If $\int_{\frac{1}{n+1}}^{\frac{1}{n}}\frac{\arctan(nx)}{\arcsin(nx)}dx=c_n$ then $\lim_{n\to\infty}{n^2c_n}=?$

Question

$$\int_{\frac{1}{n+1}}^{\frac{1}{n}}\frac{\arctan(nx)}{\arcsin(nx)}dx=c_n$$

Find the value of $$\lim_{n\to\infty}{n^2c_n}$$

I tried integrating the expression but couldn't.
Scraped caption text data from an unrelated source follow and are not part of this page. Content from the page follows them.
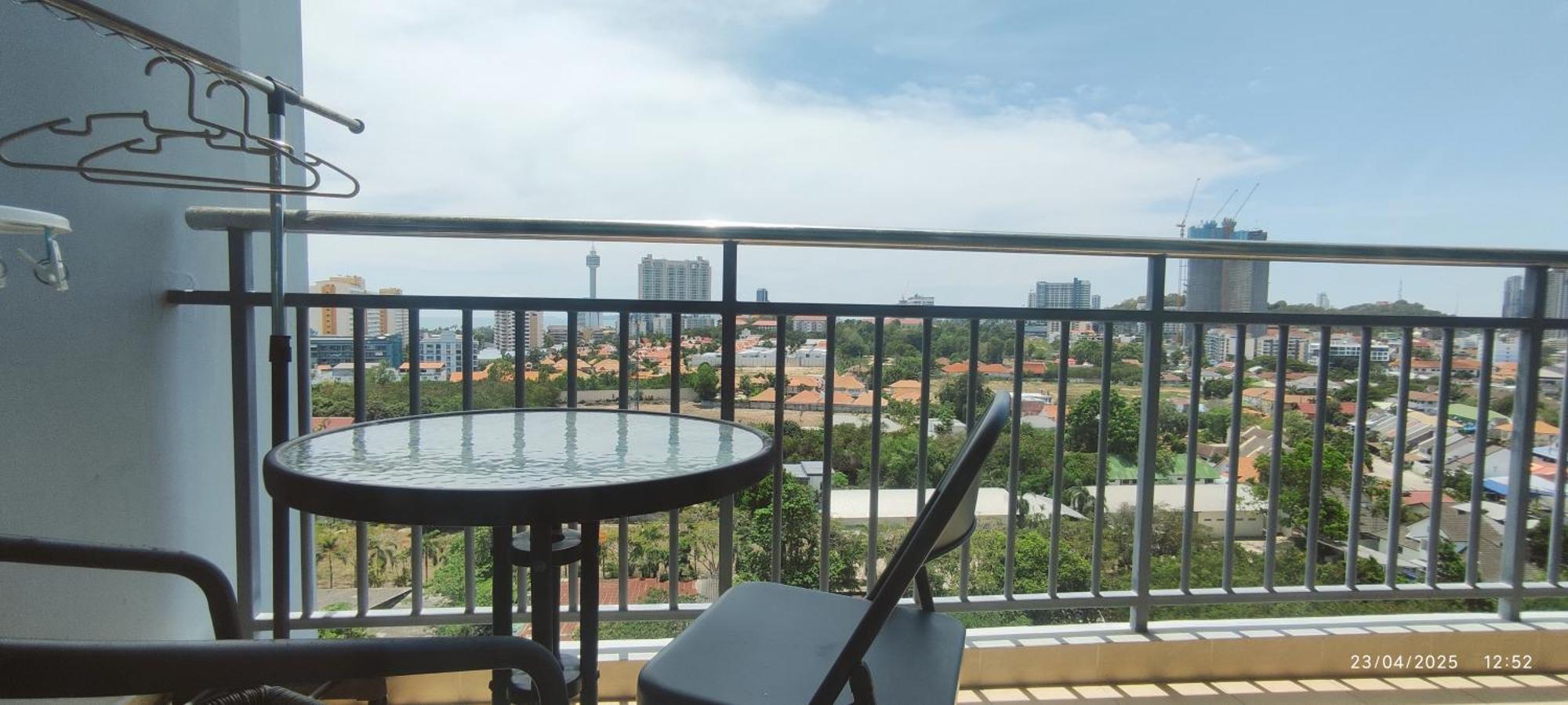 Supalai Mare 1-bedroom With Balcony & Sea View Apartment Pattaya
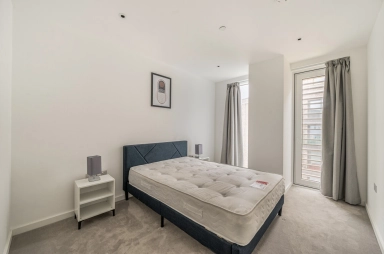 Cendal Crescent, Whitechapel - E1 view 6
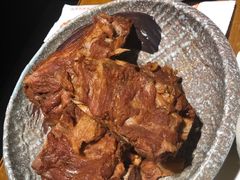 特色大铁锅烀腔骨-95号酱骨·一块豆腐(展春园西路店)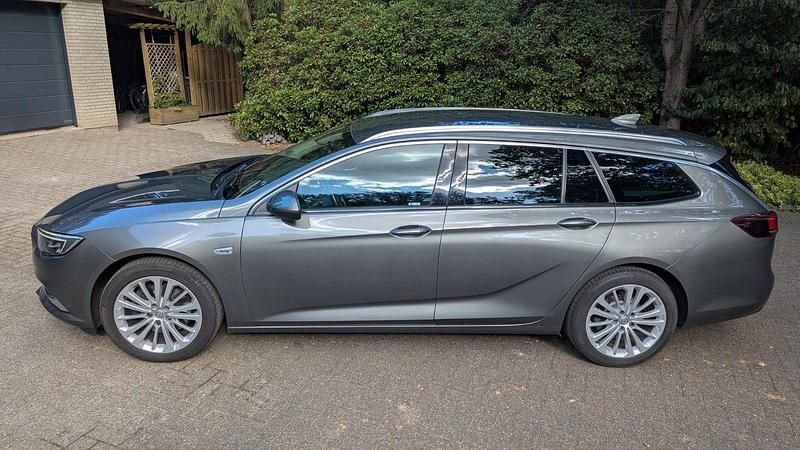 Gebraucht Opel Insignia 170 PS (125 kW) 2017 Silber Kombi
Need help.

Answer 1

Make the substitution $u=nx$ to get

$$\int_{\frac{n}{n+1}}^1 \frac{\arctan u}{\arcsin u} \frac{1}{n} \; du.$$

Then, $\arcsin(1) = \pi/2$ and $\arctan(1)=\pi/4$. For large $n$, you're integrating on a tiny interval close to $1$, so your integrand is very close to $1/2$. So you should have

$$c_n \approx \int_{\frac{n}{n+1}}^1 \frac{1}{2n} \; du = \frac{1}{2n(n+1)},\,n^2c_n\approx\frac{n}{2(n+1)},$$

which would make your limit equal to $1/2$.

So you have to argue that "very close" really does cause a good enough $\approx$.